Digitalization for AML process improvement and onboarding
Prior to digitisation, the KYC process involved the physical collection of identity documents and other relevant information that was manually verified by the institution’s staff. This resulted in slower and less efficient procedures, with longer response times and higher potential for human errors or fraud. However, with the rise of digitisation, electronic identity verification technologies have been introduced, including the use of algorithms and specialised software to authenticate documents. Companies can now access online databases and information sources to verify the information provided by the customer, significantly reducing response times.
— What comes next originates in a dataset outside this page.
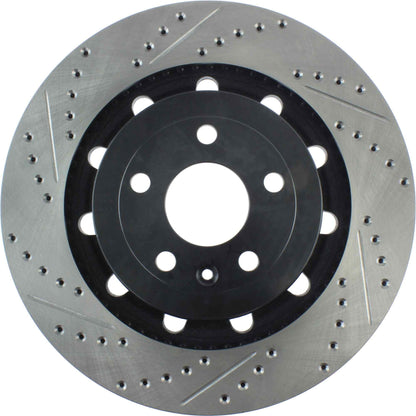 StopTech Sport Drilled/Slotted Brake Rotor; Front Right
Furthermore, electronic signature solutions or intelligent document analysis reduce the risk of errors and fraud. This transformation has also allowed companies to keep up with ever-changing regulations, improve onboarding procedures and work on mechanisms for continuous adaptation.
Differences between KYC and KYB (Know Your Business)
KYB focuses on knowing and validating information of other companies, business partners, suppliers, or corporate customers with whom a company interacts. Its primary goal is to ensure that the entity is dealing with legitimate organizations and is complying with all legal regulations and requirements related to its business partners. The key differences between KYC and KYB are fundamentally:
- KYC focuses on individuals, preventing illegal activities related to them, while KYB is oriented towards commercial operations, ensuring legitimacy and regulatory compliance in business relationships.
- While KYC collects information on the identity, occupation and sources of income of individuals, KYB focuses on the legal structure, ultimate beneficial owners and business address of companies.
- KYC is relevant, especially in financial institutions, but KYB is essential in a wide variety of industries to guarantee business relationships with legitimate institutions.
KYC is not just a regulatory requirement or an administrative process, but an essential tool for establishing reliable and ethical business relationships from the outset. Its deployment benefits both firms and customers and reinforces trust and integrity in today’s marketplace.